I watched her as she sashayed down the aisle between rows of dining tables. She had just come from church, no doubt, from the appearance and timing of her family’s entrance. She couldn’t have been over five years old.
But from head to toe, and not just the exterior but somehow even the aura emanating from her, all was advertisement.
Her hair, held in a side-saddle pony tail with a frou-frou clip composed of fuchsia feathers, probably was naturally palest blonde, but crease marks from a hasty curling iron had been sprayed to stay in place during the normal cavorting of a five-year-old. The ear on the un-pony-tailed side offered a pink, diamond-looking, pierced earring.

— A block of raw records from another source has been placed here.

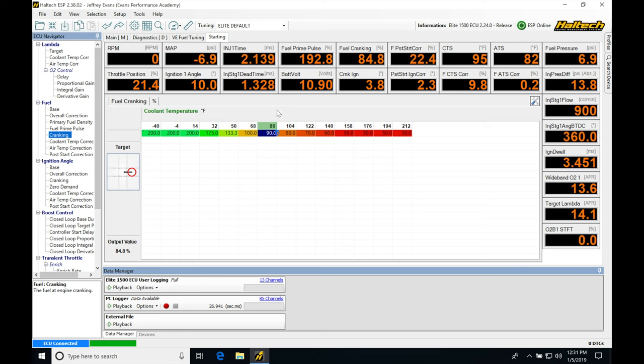This is going to be useful for getting maybe that last 5% correction. So we get our volumetric efficiency table or whatever strategy we're tuning in nailed down to perfection.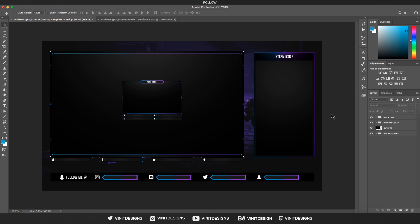Hey, what is up guys, it's Vinny Designs here with a brand new video. Today I'm excited to bring you an animated stream overlay for Twitch, YouTube, and even Mixer. There are two versions — one is animated and one is flat — and it's up to you which one you want to use.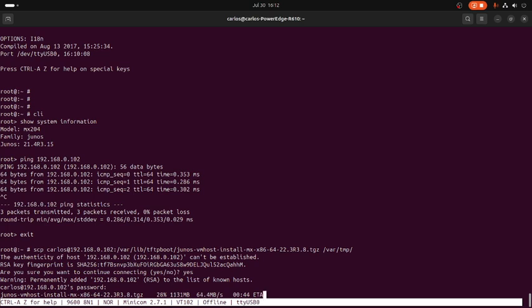The install command for this particular Juniper MX204 is quite different from the MX240, 480, and that series. The command is different.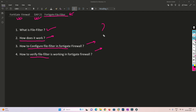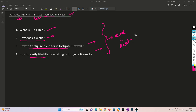I request you to please watch this video till the end so that you can understand what file filtering is and be able to implement it in real-life scenarios. It will also be helpful for interviews, because interviewers often ask questions related to file filtering.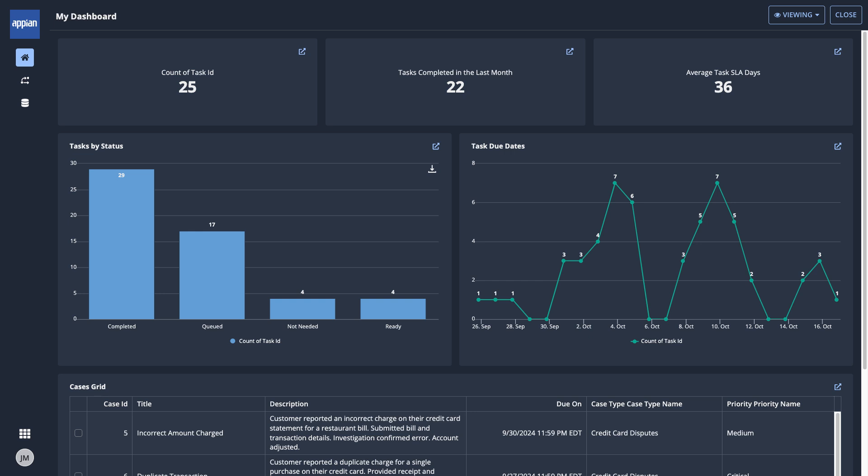Once I have more reports created, I can combine them into a dashboard to get a comprehensive view of my case data.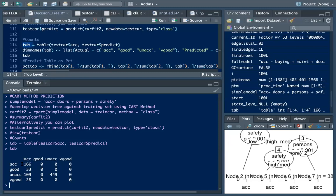The contingency table shows counts of actual versus predicted classes. We predicted a lot of acceptables and unacceptables, but no goods and no very goods. The main issue was about 109 predicted acceptable when they were really unacceptable, 33 predicted acceptable when they were actually good, and 28 predicted acceptable when they were very good. There are some issues with the model. Results will vary depending on your training set since that part was random.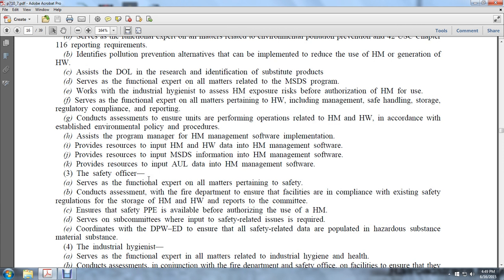Provides resources to input authorized user list data into the Hazard Management Software. The safety officer serves as a functional expert on all matters pertaining to safety, and conducts assessments with the fire department to ensure facilities are in compliance with existing safety regulations for the storage of hazardous material and hazardous waste. Reports to the committee to ensure safety equipment is available for those authorized to use hazardous materials. Coordinates with the Department of Public Works Environmental Division to ensure safety-related data are populated in the hazardous substances material system.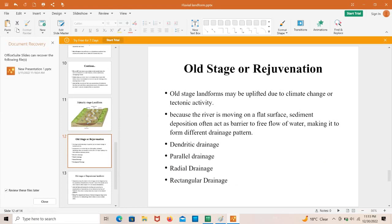Regarding rejuvenation, these are landforms formed at the old stage of the river. Old stage landforms may be uplifted due to climate change or tectonic activities. Because the river is moving on a flat surface, sediment deposition often acts as a barrier to free flow of water, causing it to form different drainage patterns in the delta area — such as dendritic, parallel, radial, and rectangular drainage patterns.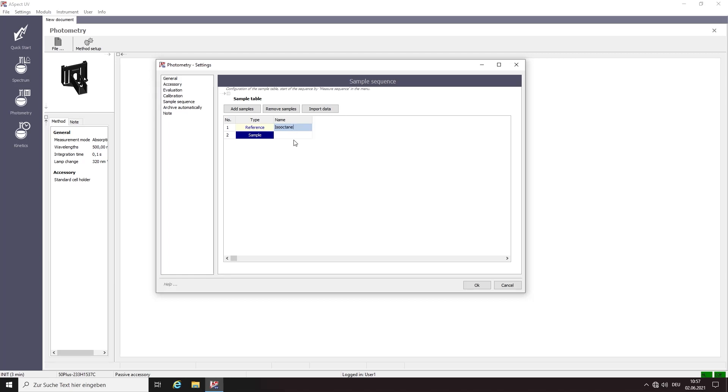We enter the sample name in the sample table. Here you can also add the sample weight for the documentation. Verify your settings and confirm.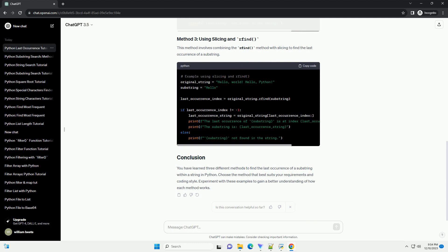You have learned 3 different methods to find the last occurrence of a substring within a string in Python. Choose the method that best suits your requirements and coding style. Experiment with these examples to gain a better understanding of how each method works.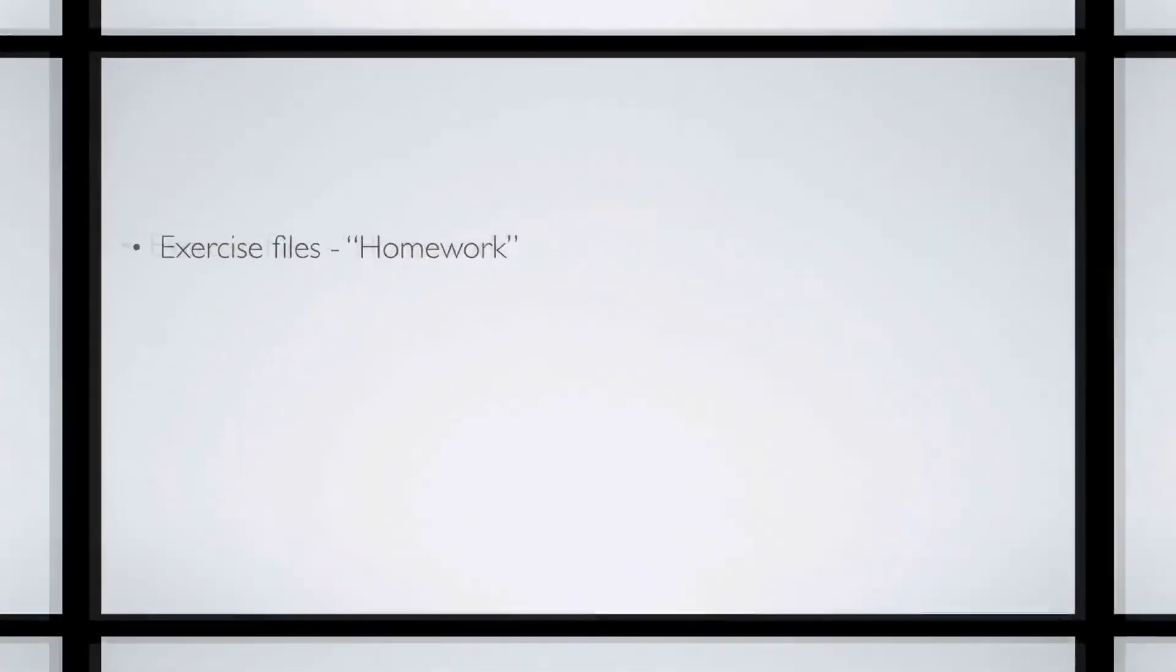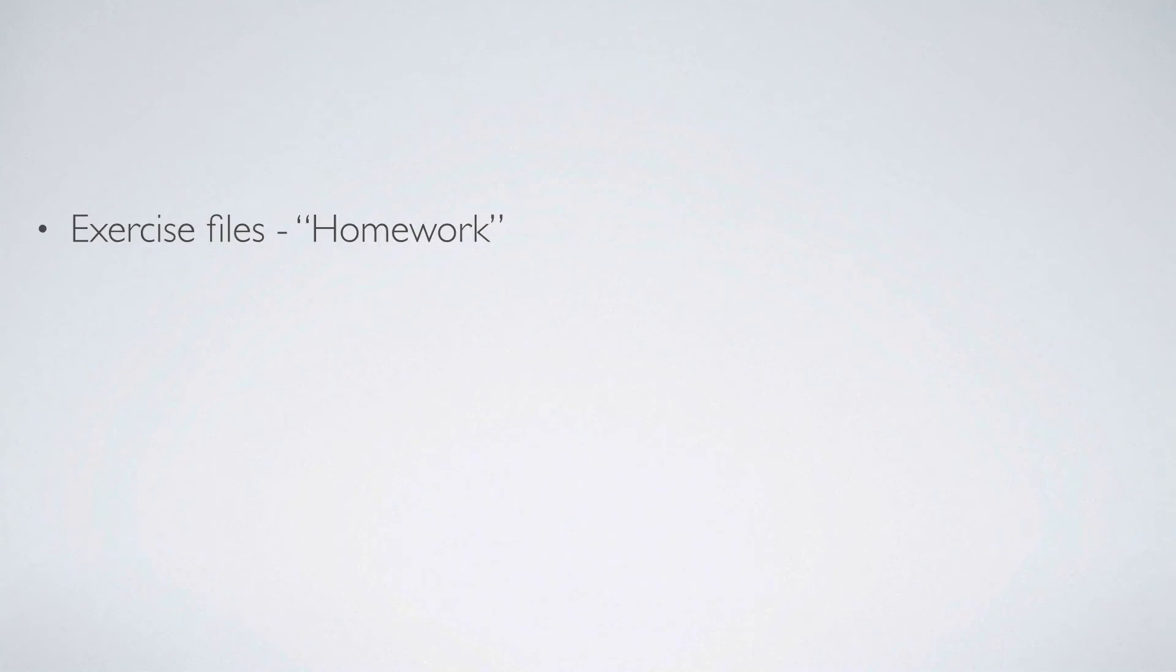There are also exercise files and homework in the description, besides the notes and transcripts, so make sure to check the description every lesson.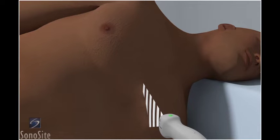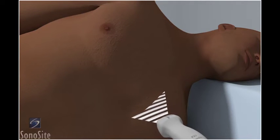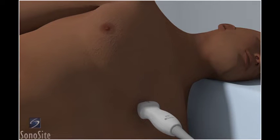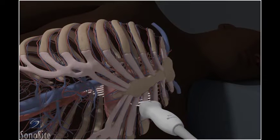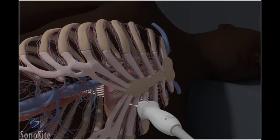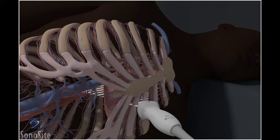Place the transducer at the third or fourth intercostal space immediately left of the sternum. Move between the third and fourth intercostal space and slide the transducer toward and away from the sternum to identify the optimal scanning window.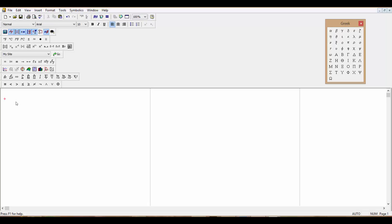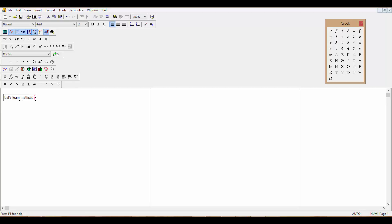If you just want to type plain text — not a command — you press Shift and double quotation marks. A rectangle appears on screen with a vertical cursor for text typing. You can then type something like 'Let's learn MathCAD.' There's no blue line underneath, which means this is pure text, not a variable or command.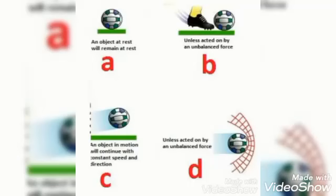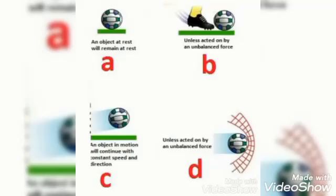Diagram C میں دیکھیں، اس کے نیچے لکھا ہے: an object in motion will continue with constant speed and direction. اب یہ ball motion میں ہے تو یہ continue کرے گی اپنی motion constant speed اور direction سے، یعنی اس ball کی speed اور direction میں کسی قسم کی change نہیں آئے گی۔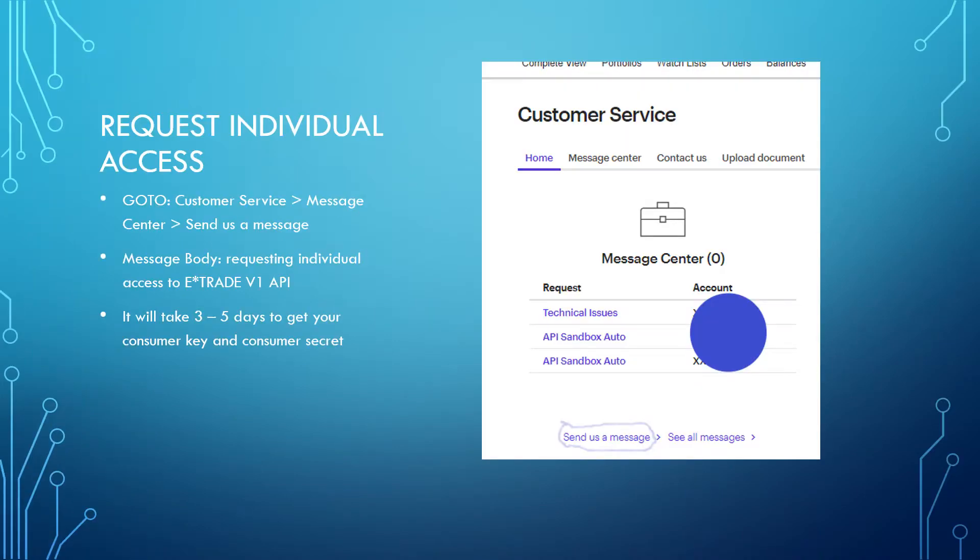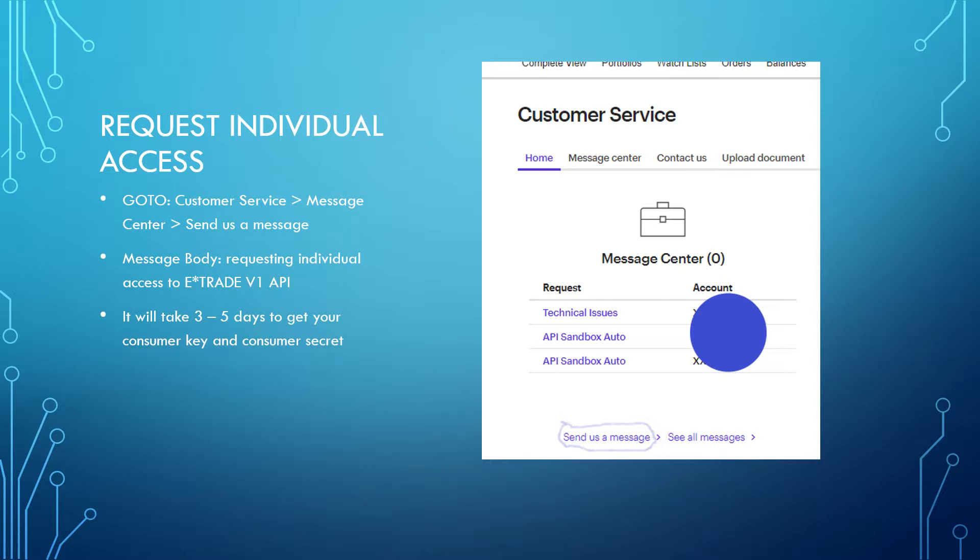The first step is to request individual access. To do that, you'll need to log into your E-Trade account and click on the customer service link. Then go to the message center section on the customer service page. At the bottom, you'll see send us a message link. Once you click on that link, make sure you let E-Trade know that you want to request access to their E-Trade version 1 API.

She did not cavort; she swayed in a dreamy sort of notice-me way. Even her tiny fingers posed. And she flirted fake embarrassment from behind the frou-frou near her cheek while fuchsia-manicured fingers clumsily retrieved an escaping shoulder strap. That’s when I noticed it: the batting eyelids carried a heavy load: blue eyeshadow and brown mascara, to top off pink blusher, and an overload of pink lip-gloss.
Her dress, also hottest of pinks, shimmered as it clung, draped closely to her thin child figure, revealing the bone of her structure, the ripple of her musculature, the absence of pantyline. Ebb and flow of glowing fabric blared unmistakably: temptress.
The dress was far too short, as was Mama’s, but at least Mama knew how to walk like a lady. And Mama didn’t shimmer.
Actually, Daughter’s included a wrap application of an attempt at an empire style skirt that was not full enough to allow room for walking, so each step she took opened the skirt and revealed one long, tanned, and muscular leg and hinted at much more. When one fuchsia-tipped toe pushed against silver, strippy, demi-heel sandals as she struggled her little self onto the adult dining chair, an older man across the dining room dropped his fork on the floor and picked it up.
And she noticed. And tried, not-enough, to conceal a knowing smile.
Rumpled and stale-haired, he approached their table and asked Dad if they didn’t know each other, occasionally glancing at Mama’s low-slung necklace. Dad searched his memory, clueless, finally blushing at not knowing, rose to shake hands and share a bit of social info. No, we live over in Dovegate Addition . . . don’t recall meeting you, but then, I stay gone on the road; pharmaceuticals, you know . . . the kids go to Dovegate schools so maybe we’ve passed during a PTA meeting? Oh . . . so sorry . . . I didn’t mean . . . well here’s our waitress; nice to meet you.
And as the older man turned to go, he patted Daughter’s shoulder ever so lightly, accidentally brushing a strap with one finger, saying, “Nice children.” And her shoulder straps really did fall down a lot whenever she was sitting . . .
Of course it would have been highly unlikely to have found a photo that was exactly like this true life situation, but this one captures the sauce pretty well.